For Dan, this seems unthinkable, laughable and certainly not something to be even considered. With a wife and eleven year old daughter, Esme, at home Dan feels pretty sure this isn’t the adventure for him. However with the thought of seeing his friend and getting out of the house for almost two weeks, the possibility seems tempting. Even though Richard mentioned this was more of a spiritual quest for himself and a much-needed visit to his parents who he hasn’t seen in 14 years and who he hasn’t shared a very good history with either, Dan believes it might be something of a learning curve for himself.
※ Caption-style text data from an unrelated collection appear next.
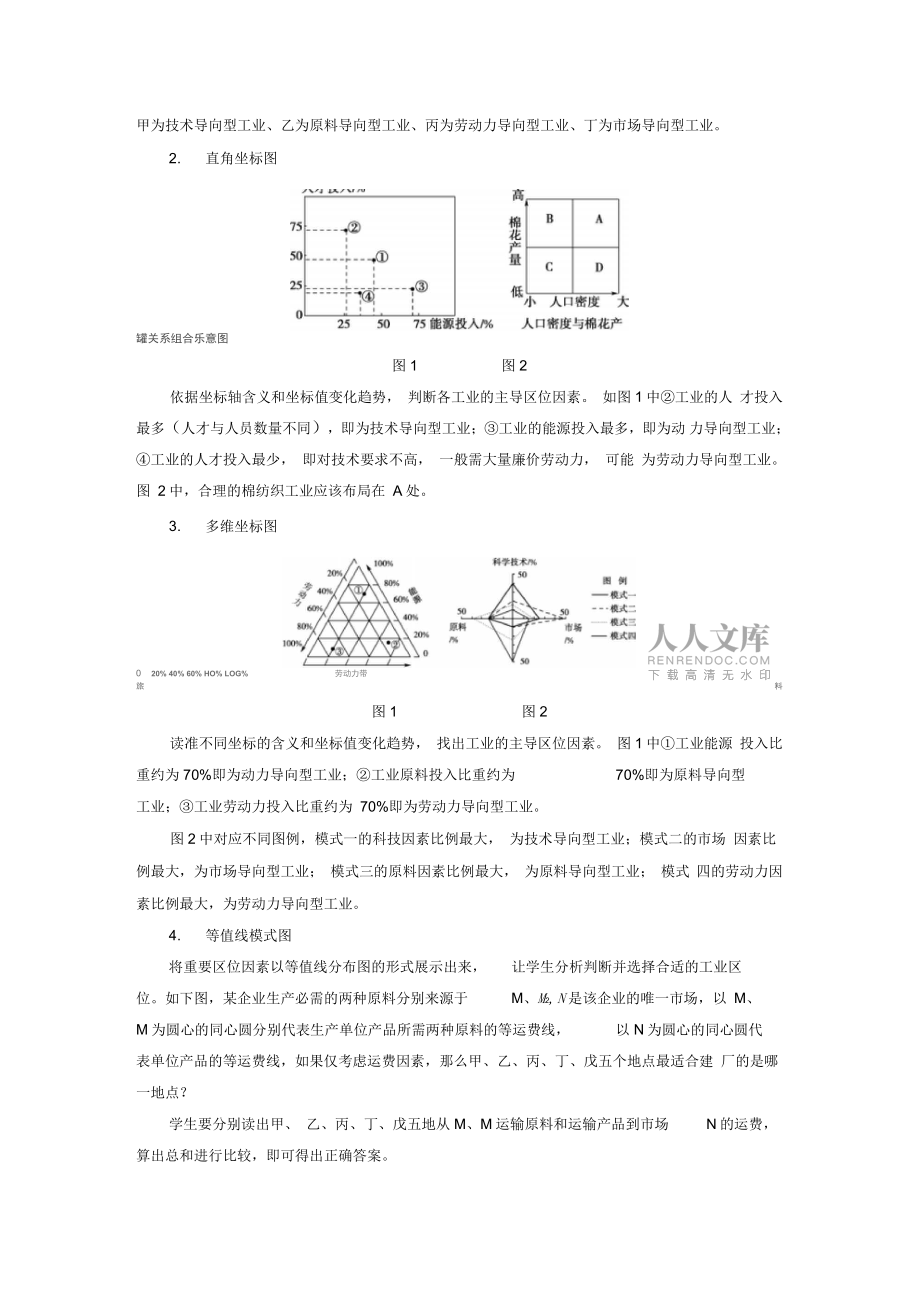 2018-2019学年高中地理第四章工业地域的形成与发展章末小结与测评学案新人教版必修2_第2页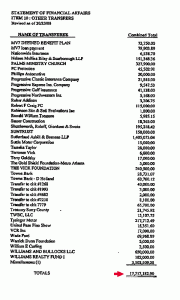 MichaelVickFinancialStatement2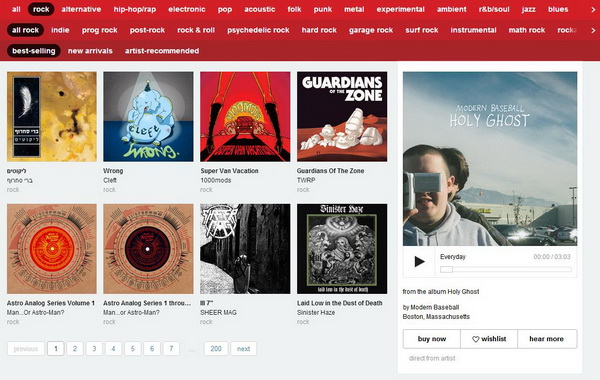 面对音乐巨无霸们，小而精的乐童何去何从
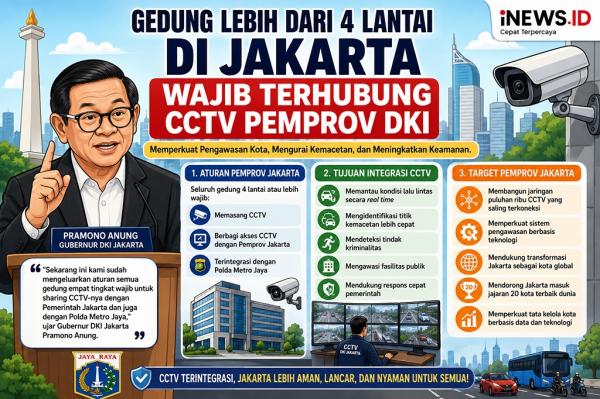 Pemprov Jakarta Wajibkan Gedung Empat Lantai Terhubung CCTV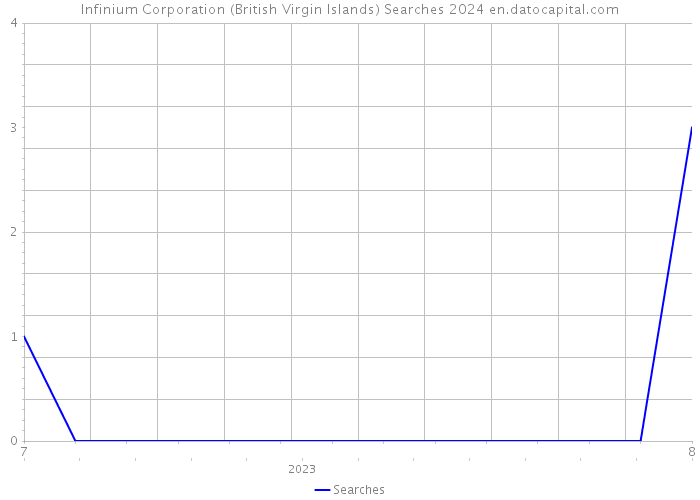 Infinium Corporation (British Virgin Islands) Searches 2024 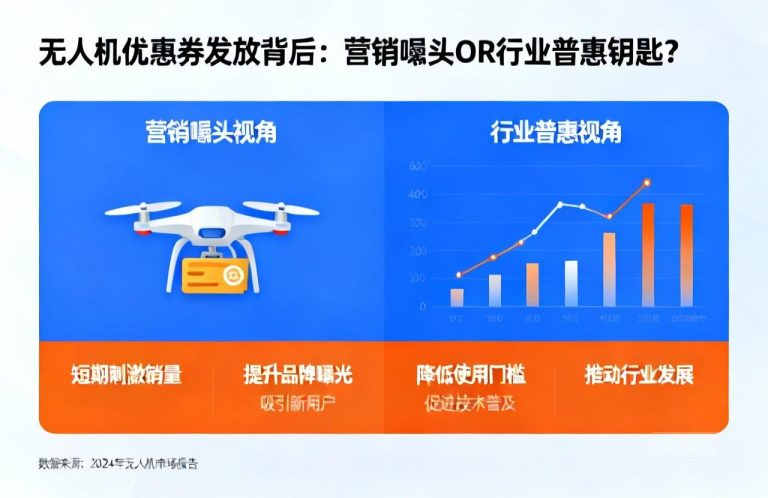 无人机优惠券发放背后|是营销噱头，还是行业普惠的钥匙？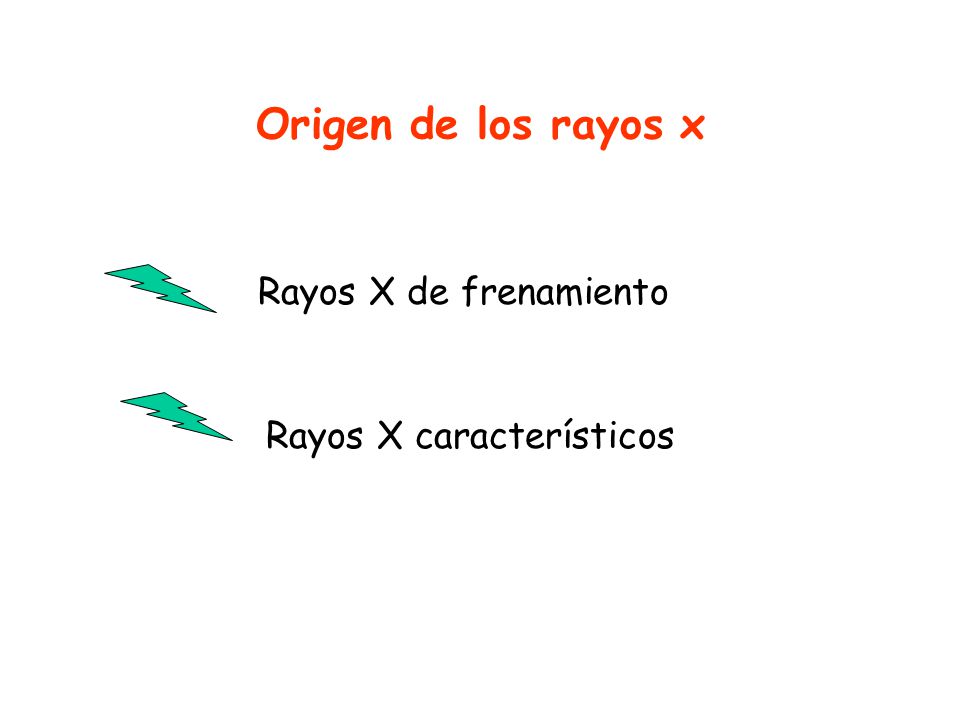 Origen de los rayos x Rayos X de frenamiento Rayos X característicos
Grabbing two changes of clothes and a few toiletry essentials, Dan packs his “carry-on” bag and sets off to meet Richard. On seeing his old friend, reality hits home. Is Dan really prepared to face four days of almost continuous driving in a car that is now considered antique?
Along the way the duo face problems from the very start. “Bug” seems to be breaking down a lot on the highway but always the optimist, Richard thinks he has the answers to all mechanical problems and is sure it is “vapor lock”. However his theory is tested along the roads, and within a short space, the two-some are seeking garages and car mechanics in desperate need of an explanation.
Money never lasts long because of all the stops Dan and Richard have to take especially when they are continuingly fishing out for motels, food and petrol.
Can they make it to their destination and reach home? And how will Richard’s family react when he turns up?
I loved reading about two middle aged men taking a voyage of self-discovery in an old Beetle. It is just the most amusing and engrossing read of its type filled with funny episodes and also quite touching moments. Dan explores spiritual questions throughout this book, always the philosopher, and asks just what is God?
Being not much of a believer myself it’s interesting to read what Dan thinks about this religion. A great read that I just couldn’t put down. From the cover to the last word, this is one book I’m sure is destined for a hit.
Midwest Book Reviews - Reviewers Choice
Old Bug: The Spiritual Quest of an Skeptical Guy on a Road Across America with a Long Lost Friend in a Beat-Up Beetle lives up to its title and then some. Recounting a cross-country road trip between the author and a friend who have barely seen each other in thirty years, Old Bug is as much about a lingering question in the soul as it is about the journey, namely, "If I don't believe in traditional religion, then what do I believe in?" Pondering God, morality, mortality, meaning, and the mysteries of life itself, Old Bug recounts confronting inner demons long buried even as it mirthfully recounts the hassle of struggling to keep a '69 VW Beetle running smoothly in the twenty-first century. A gentle, thoughtful read of discovery and larger-than-life quandaries.